Enterprise Architecture

Organisations acquire off-the-shelf, custom-developed or SaaS-based business systems like ERP, CRM etc, to automate the business and industrial processes that deliver their business needs. The business systems run on underlying technology systems, which may be off-the-shelf, custom-built or in the cloud.

A well-defined and well-designed architecture is crucial for the long-term resilience of an organisation’s business and technology systems. The mandatory governance, risk, compliance, and audit requirements prescribed by the regulators and nodal bodies are best achieved when they are embedded into the enterprise business and technology architectures of the entities.

The Enterprise Architecture Framework provides common information and guidance to create good architecture documents for use by various stakeholders responsible for design, engineering, implementation, maintenance and incremental enhancements of systems.

Enterprise architects are the best people to create the business and technology architectures. The Technology Strategy and Perspective Planning Group may be assigned responsibility for its creation, periodic review and update. The group should also advise the advise the top management on providing the required strategic direction. Once accepted by the top management, the architecture can be used as a common base framework in DPRs and RFPs.

Ontology of Tags

Entities use a wide variety of methods to depict and describe their enterprise business and technology architectures. However, there is no commonality on this aspect amongst the CSEs of different sectors.

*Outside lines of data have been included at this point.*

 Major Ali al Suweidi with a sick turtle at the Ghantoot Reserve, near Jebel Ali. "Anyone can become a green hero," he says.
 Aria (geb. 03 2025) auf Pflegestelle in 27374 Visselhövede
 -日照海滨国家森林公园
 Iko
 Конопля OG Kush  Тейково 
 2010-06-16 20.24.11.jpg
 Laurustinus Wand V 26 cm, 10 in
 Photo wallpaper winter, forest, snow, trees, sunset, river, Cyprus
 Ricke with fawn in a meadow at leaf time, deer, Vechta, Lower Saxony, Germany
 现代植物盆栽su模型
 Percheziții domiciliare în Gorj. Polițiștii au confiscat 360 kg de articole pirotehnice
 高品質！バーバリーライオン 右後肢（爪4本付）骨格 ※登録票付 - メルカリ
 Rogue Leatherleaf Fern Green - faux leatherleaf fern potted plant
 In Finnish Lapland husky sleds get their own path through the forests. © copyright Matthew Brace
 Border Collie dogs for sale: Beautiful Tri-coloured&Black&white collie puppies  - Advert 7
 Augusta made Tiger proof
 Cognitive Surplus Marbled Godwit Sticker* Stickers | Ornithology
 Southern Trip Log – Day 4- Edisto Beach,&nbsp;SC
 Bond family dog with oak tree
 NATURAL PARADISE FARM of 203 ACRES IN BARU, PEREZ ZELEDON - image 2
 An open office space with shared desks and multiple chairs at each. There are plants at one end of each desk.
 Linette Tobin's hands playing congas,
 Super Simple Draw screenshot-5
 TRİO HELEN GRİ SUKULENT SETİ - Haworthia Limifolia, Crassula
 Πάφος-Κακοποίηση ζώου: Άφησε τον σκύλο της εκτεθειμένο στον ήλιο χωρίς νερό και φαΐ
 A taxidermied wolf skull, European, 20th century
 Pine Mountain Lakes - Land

The ontology of tags provides a common mechanism for business and technical managers to express distinct characteristics or features of various architectural elements. The common ontology helps different stakeholders to evaluate the impact, risk, compliance, governance, security, monitoring, and oversight aspects of the architecture elements. A combined view of all the evaluations can help the top management to decide and direct the most appropriate use of IT and prioritisation for investments.

The business and technology operation levels of the entity hierarchy can further use the ontology of tags to evaluate, decide, design, procure, implement, deploy, operate, manage, support, and monitor the digital ecosystem resources over their operating lifecycle.

The common ontology also helps the Government ministries, regulators, and national nodal bodies to focus their policies, regulations, oversight, and monitoring mechanisms on the vital components of the enterprise architecture.

Important

Entities typically do not adopt the best practice of creating baseline record of key security architectural decisions and security configurations of systems at Go-Live stage. It is usually left to the SI and OEMs to keep such records.

These records are vital during the operations stage to discover the changes to architecture and configurations, some of which may have been triggered by malicious activities.

Top management and external oversight bodies must insist that such records are maintained by the project management teams and the teams managing the business and technology systems.